Imagine a dataset visualized as points of a graph. Dense regions with many neighboring points likely represent clusters, while isolated points could be outliers. DBSCAN leverages this intuition to group points.

### Advantages
- Robust to outliers: DBSCAN can effectively identify outliers due to its density-based approach.
- Flexible cluster shapes: It can handle clusters of arbitrary shapes, unlike K-Means which assumes spherical clusters.

### Disadvantages
- Parameter sensitivity: The performance of DBSCAN is highly dependent on choosing the appropriate values for epsilon (`eps`) and minimum data points (`min_samples`).
- High time complexity: The time complexity of DBSCAN can be higher compared to K-Means, especially for large datasets.

# Terminology in DBSCAN
DBSCAN operates on a unique principle: identifying clusters based on the density of data points.

### Core points
- Imagine a data point, p.
- Epsilon (`eps`): This parameter defines a radius around p. Think of it as a circle or sphere (hypersphere in higher dimension) centered at p.
- Density at p: This refers to the number of points within the epsilon-neighborhood of p. In simpler terms, it captures how many other data points are close to p.
- A point p is crowned a core point if the density at p (the number of points within its epsilon-neighborhood) is greater than or equal to the minimum points parameter (`min_samples`). Essentially, a core point has a high concentration of neighbors around it, suggesting it resides within a dense region.

### Border points
Not all points fall neatly into the core category. Some exist on the outskirts of clusters. A border point is a point that,
- Is not a core point itself. It does not have enough points in its own epsilon-neighborhood to meet the `min_samples` criteria and be classified as a core point.
- Lies within the epsilon-neighborhood of a core point. It benefits from the density of a nearby core point, even though it does not have a high density of neighbors itself.
- Think of border points like those living in the suburbs of a city - ther're close to a densely populated area (the core point), but their own neighborhood might be less populated.

### Outliers (or noise)
- Data can have isolated points that do not seem to belong to any well defined cluster.
- Points that are neither core points nor border points are classified as outliers or noise.
- These points typically have low density around them (fewer than `min_samples` neighbors within `eps`). They are the loners of the dataset, far away from the hustle and bustle of the clusters.

### Hyperparameters
DBSCAN's performance relies heavily on 2 crucial hyperparameters,
- `min_samples`: This defines the minimum number of neighbors a point needs to be considered a core point. Setting `min_samples` too high might break up the clusters, while setting it too low might include noise points as core points.
- `eps`: This defines the radius of the neighborhood around a point. A small `eps` might miss the points that truly belong to the same cluster, while a large `eps` might merge distinct clusters together. Choosing the right `eps` like picking the perfect zoom level on a map - the details of the cluster should be clearly visible without getting lost in the bigger picture.

### Density edges
Density edge refers to a connection between two data points (vertices) where the distance betweent them is less than or equal to `eps`. It is essentially a line segment connecting 2 points within each other's epsilon-neighborhood. Imagine 2 friends living close enough to walk to each other's house - that is a density edge.

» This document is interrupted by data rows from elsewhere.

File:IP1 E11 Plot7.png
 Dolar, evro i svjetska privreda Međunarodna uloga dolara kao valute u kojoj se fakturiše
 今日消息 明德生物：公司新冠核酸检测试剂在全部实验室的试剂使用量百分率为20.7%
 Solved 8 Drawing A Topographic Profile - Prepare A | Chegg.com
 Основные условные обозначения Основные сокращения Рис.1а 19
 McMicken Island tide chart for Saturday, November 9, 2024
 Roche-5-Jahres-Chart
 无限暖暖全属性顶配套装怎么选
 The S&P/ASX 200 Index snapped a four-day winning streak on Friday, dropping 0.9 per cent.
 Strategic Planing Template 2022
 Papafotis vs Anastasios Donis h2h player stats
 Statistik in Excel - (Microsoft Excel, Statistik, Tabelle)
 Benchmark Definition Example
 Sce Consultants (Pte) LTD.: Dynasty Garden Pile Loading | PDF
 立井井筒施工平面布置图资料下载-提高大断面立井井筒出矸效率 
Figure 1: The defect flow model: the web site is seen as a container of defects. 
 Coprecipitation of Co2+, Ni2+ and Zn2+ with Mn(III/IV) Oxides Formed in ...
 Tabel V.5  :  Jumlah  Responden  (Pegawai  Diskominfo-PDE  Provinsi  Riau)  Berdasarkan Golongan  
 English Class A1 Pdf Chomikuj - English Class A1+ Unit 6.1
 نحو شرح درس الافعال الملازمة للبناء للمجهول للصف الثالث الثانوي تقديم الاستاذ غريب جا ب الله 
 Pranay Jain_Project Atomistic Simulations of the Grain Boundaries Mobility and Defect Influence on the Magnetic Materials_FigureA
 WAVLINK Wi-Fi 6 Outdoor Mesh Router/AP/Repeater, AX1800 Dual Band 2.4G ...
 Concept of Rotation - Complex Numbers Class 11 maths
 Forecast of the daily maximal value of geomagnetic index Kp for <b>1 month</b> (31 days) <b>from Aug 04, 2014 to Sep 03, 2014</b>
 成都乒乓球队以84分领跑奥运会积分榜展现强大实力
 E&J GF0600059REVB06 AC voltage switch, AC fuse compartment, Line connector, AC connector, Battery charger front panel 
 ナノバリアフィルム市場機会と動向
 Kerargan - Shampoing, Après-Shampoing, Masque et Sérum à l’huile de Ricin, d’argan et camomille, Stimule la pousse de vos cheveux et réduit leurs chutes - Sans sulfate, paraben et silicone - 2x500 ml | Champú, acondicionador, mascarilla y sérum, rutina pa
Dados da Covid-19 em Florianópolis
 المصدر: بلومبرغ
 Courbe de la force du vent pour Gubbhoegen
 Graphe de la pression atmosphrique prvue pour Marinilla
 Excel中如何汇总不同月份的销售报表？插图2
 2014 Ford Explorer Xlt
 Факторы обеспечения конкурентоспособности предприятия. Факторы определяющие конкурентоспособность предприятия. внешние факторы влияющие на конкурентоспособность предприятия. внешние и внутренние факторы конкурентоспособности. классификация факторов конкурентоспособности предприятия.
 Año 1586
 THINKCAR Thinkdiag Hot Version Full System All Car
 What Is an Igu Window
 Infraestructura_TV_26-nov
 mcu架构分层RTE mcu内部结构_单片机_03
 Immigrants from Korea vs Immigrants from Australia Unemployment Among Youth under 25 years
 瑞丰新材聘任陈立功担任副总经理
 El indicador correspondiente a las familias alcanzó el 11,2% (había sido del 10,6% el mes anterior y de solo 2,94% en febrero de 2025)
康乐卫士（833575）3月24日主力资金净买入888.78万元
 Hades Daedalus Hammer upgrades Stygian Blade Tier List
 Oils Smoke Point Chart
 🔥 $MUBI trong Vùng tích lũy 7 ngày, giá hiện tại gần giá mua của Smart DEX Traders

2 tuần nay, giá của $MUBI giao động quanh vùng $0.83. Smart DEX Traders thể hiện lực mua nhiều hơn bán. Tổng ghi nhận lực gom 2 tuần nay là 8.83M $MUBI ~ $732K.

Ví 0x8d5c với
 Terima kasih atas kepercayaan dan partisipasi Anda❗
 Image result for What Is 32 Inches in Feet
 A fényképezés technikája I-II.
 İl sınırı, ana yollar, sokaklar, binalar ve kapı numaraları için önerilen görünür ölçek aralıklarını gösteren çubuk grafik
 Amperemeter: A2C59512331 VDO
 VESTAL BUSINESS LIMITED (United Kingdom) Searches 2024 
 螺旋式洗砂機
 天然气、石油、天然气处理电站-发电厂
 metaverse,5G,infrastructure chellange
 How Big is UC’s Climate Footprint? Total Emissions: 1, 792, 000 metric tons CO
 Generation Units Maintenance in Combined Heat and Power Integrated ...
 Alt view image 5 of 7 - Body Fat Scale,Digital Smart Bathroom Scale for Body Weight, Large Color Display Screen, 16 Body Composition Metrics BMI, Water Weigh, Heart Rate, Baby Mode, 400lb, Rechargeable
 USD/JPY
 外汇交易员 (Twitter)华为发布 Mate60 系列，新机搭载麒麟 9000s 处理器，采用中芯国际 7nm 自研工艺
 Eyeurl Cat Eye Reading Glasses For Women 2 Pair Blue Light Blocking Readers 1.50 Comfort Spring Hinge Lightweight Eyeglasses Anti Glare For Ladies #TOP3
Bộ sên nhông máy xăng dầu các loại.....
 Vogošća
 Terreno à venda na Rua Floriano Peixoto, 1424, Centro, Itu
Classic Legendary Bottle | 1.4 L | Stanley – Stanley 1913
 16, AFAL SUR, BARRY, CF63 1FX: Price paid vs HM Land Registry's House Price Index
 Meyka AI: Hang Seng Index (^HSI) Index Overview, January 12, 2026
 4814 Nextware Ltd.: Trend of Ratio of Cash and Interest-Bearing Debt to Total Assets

### Density connected points
This concept extends the idea of density edges. Imagine 2 points, p and q, that might be far apart directly. However, if there's a chain of points between them, each connected by density edges (less than `eps` apart), then p and q are considered to be density connected. This captures the notion of clusters that might be elongated or have sparse regions within them. Think of a long winding road connecting 2 towns - even though the towns themselves might be far apart, they are connected by the road (the chain of density connected points).